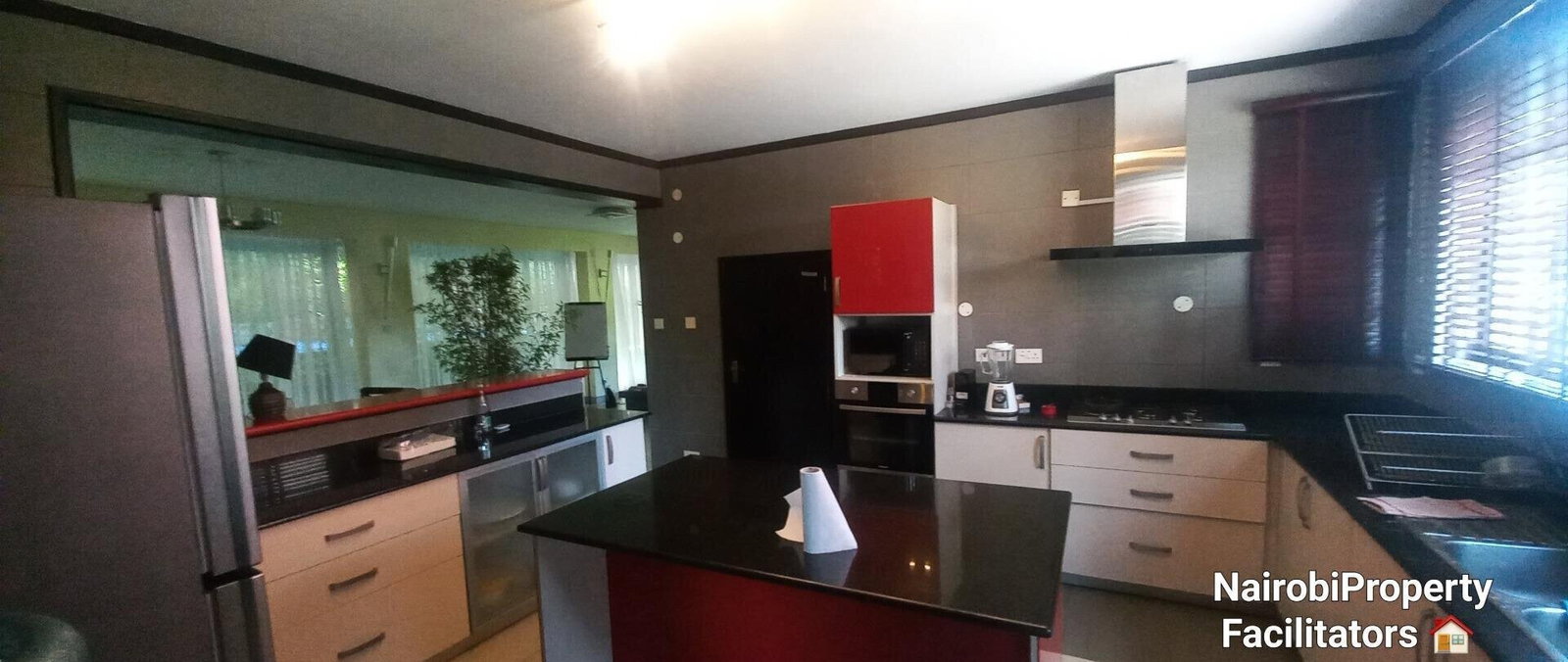 5-Ensuite Townhouse with Rooftop Jacuzzi & Private Pool - Lavington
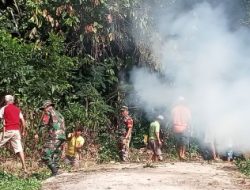 Wujud Kepedulian Lingkungan, Personil Koramil 1414-09/Saluputti Gotong Royong Bersama Warga Melaksanakan Pembersihan Lingkungan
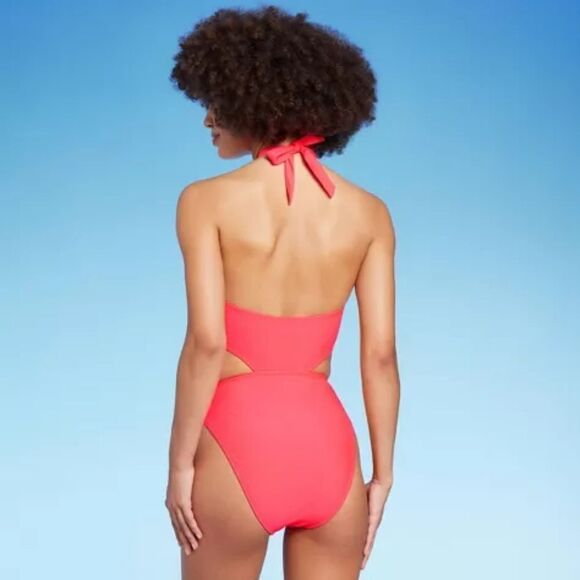 🆕🔥Cross Front Halter One Piece Swimsuit - Picture 2 of 7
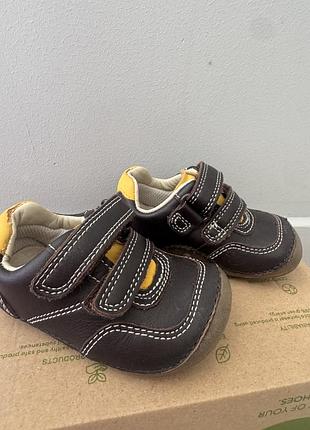 Кросівки clarks дитячі розмір 18,5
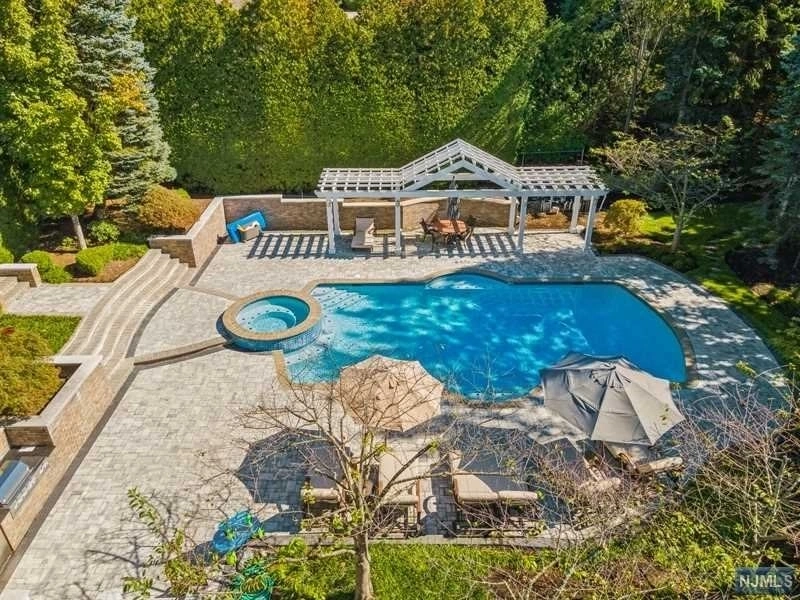 Outdoor, Pool, Satellite View at 142 Vaccaro Drive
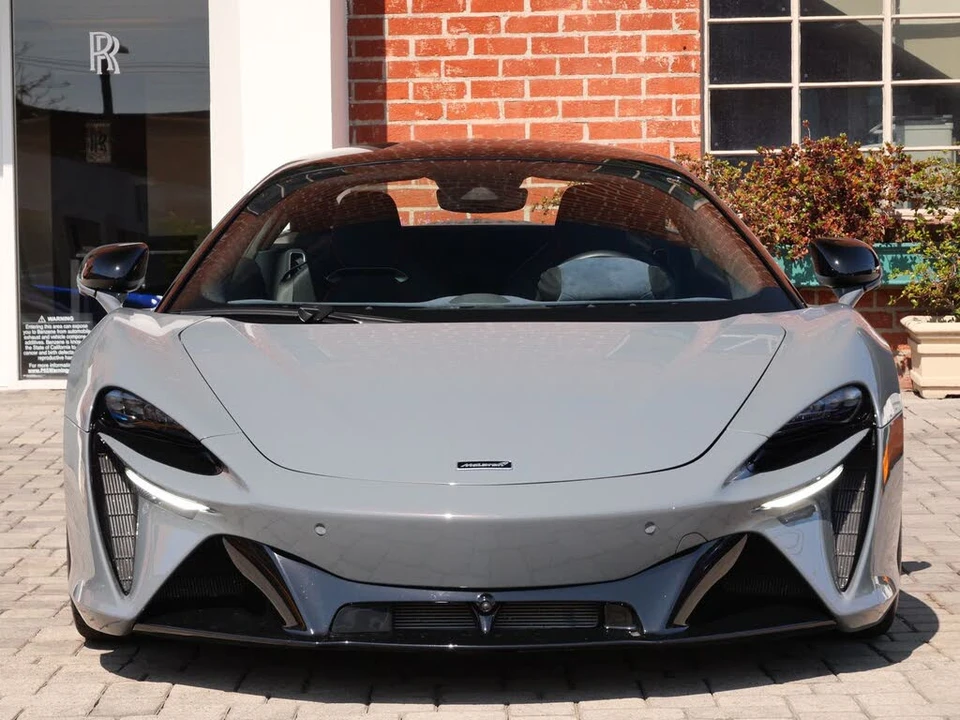 2023 McLaren Artura - Image 2 of 25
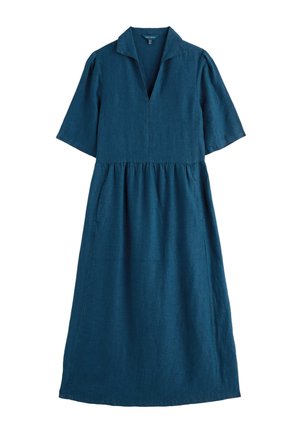 Plava midi haljina s V-izrezom na ovratniku, kratkim rukavima, naglašenim strukom i opuštenim A-krojem na bijeloj pozadini.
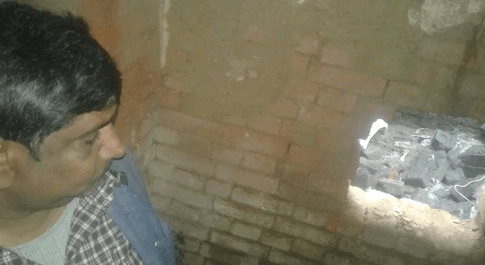 बहराइच :में चोरों ने तीन दुकानों में लगाई नकब,चोरी की तहरीर कोतवाली में दी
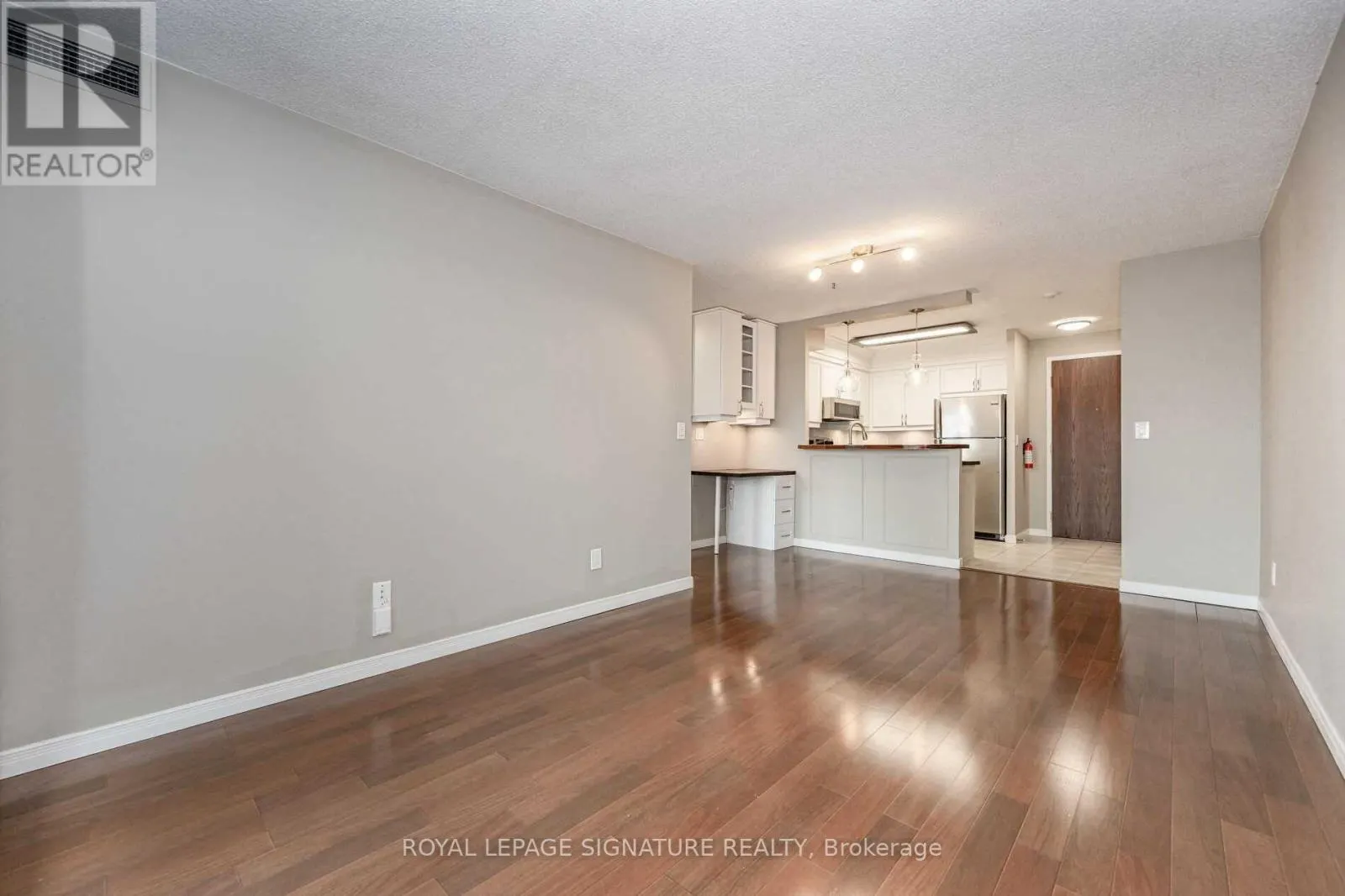 1013 - 2565 ERIN CENTRE BOULEVARD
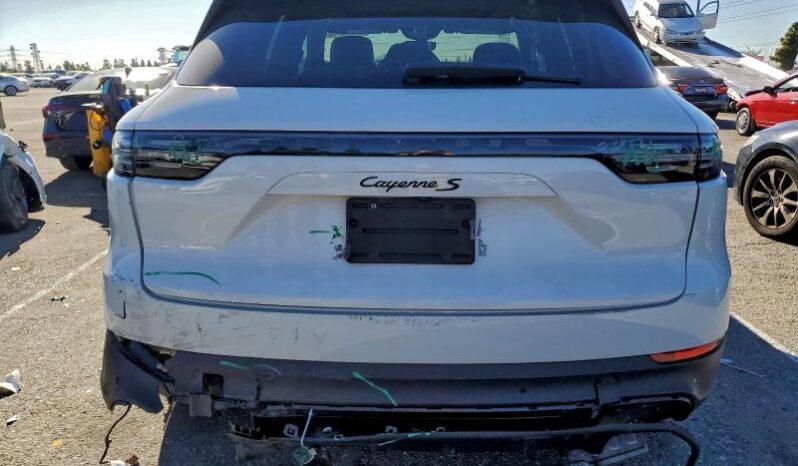 
								2022 Porsche Cayenne full									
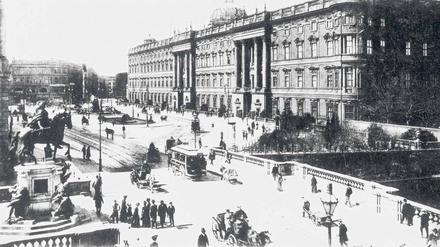 Rondell. An der Rathausbrücke, hier mit dem Reiterstandbild des Großen Kurfürsten (li.), soll die Schlossfassade nach dem historischen Vorbild abgerundet gestaltet werden. 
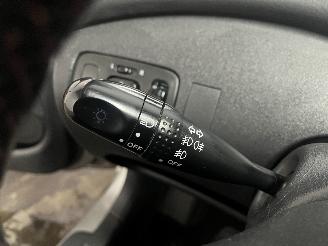 Toyota Yaris Yaris (P1) Hatchback 1.3 16V VVT-i (2SZFE) [64kW]  (04-2002/09-2005) picture 16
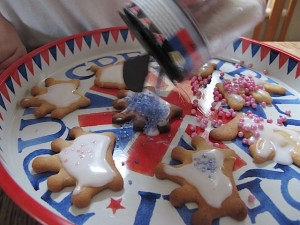 World Baking Day: Ted bakes jubilee biscuits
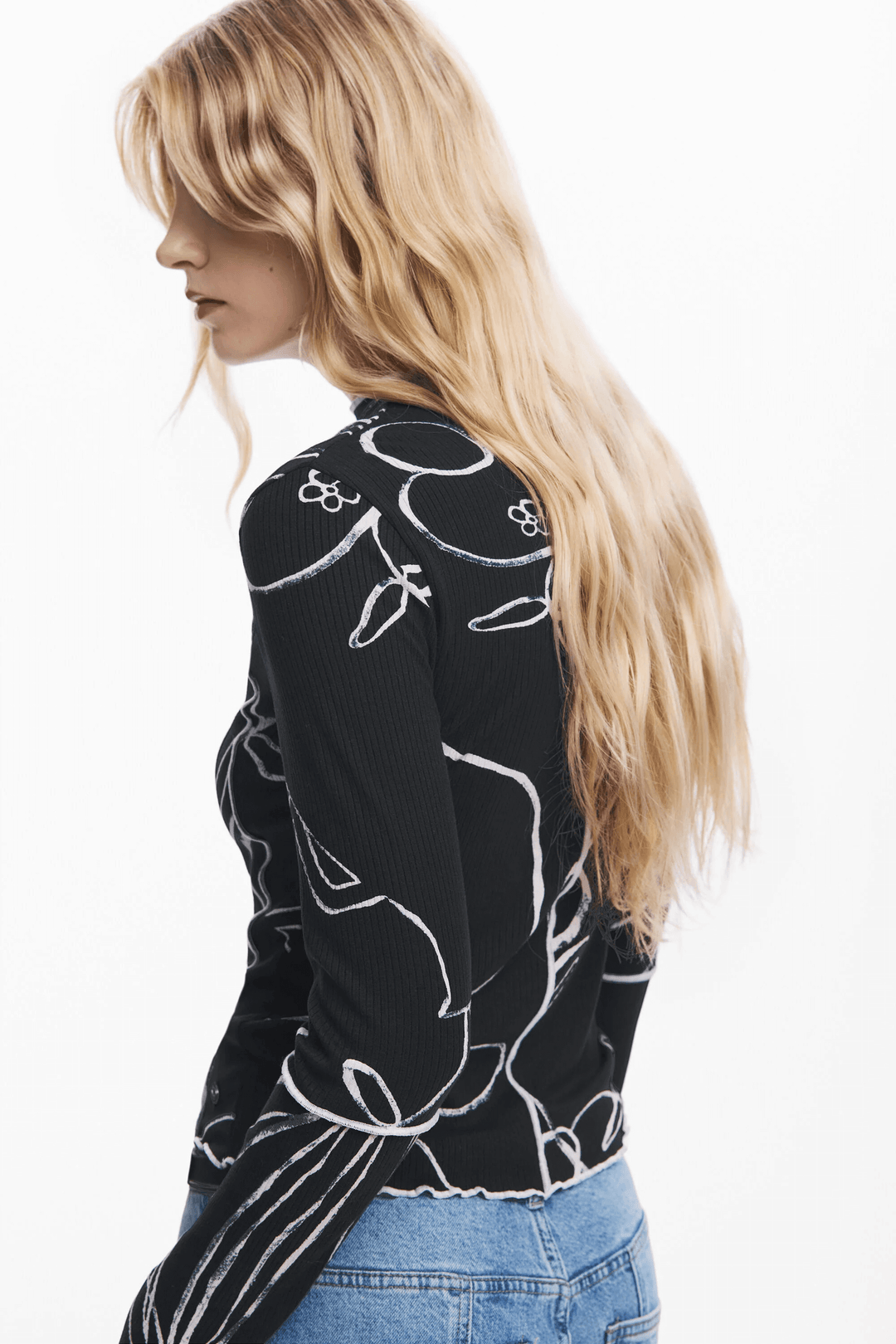 Femme portant un t-shirt silhouettes vases à manches longues avec imprimé moderne et coutures contrastantes, coupe ajustée.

--- --- ---

Please leave out the pictures while you copy exactly the lines from the one containing "बहराइच :में चोरों" through the end of the records.

 बहराइच :में चोरों ने तीन दुकानों में लगाई नकब,चोरी की तहरीर कोतवाली में दी
 1013 - 2565 ERIN CENTRE BOULEVARD
								2022 Porsche Cayenne full									
 Rondell. An der Rathausbrücke, hier mit dem Reiterstandbild des Großen Kurfürsten (li.), soll die Schlossfassade nach dem historischen Vorbild abgerundet gestaltet werden. 
 Toyota Yaris Yaris (P1) Hatchback 1.3 16V VVT-i (2SZFE) [64kW]  (04-2002/09-2005) picture 16
 World Baking Day: Ted bakes jubilee biscuits
 Femme portant un t-shirt silhouettes vases à manches longues avec imprimé moderne et coutures contrastantes, coupe ajustée.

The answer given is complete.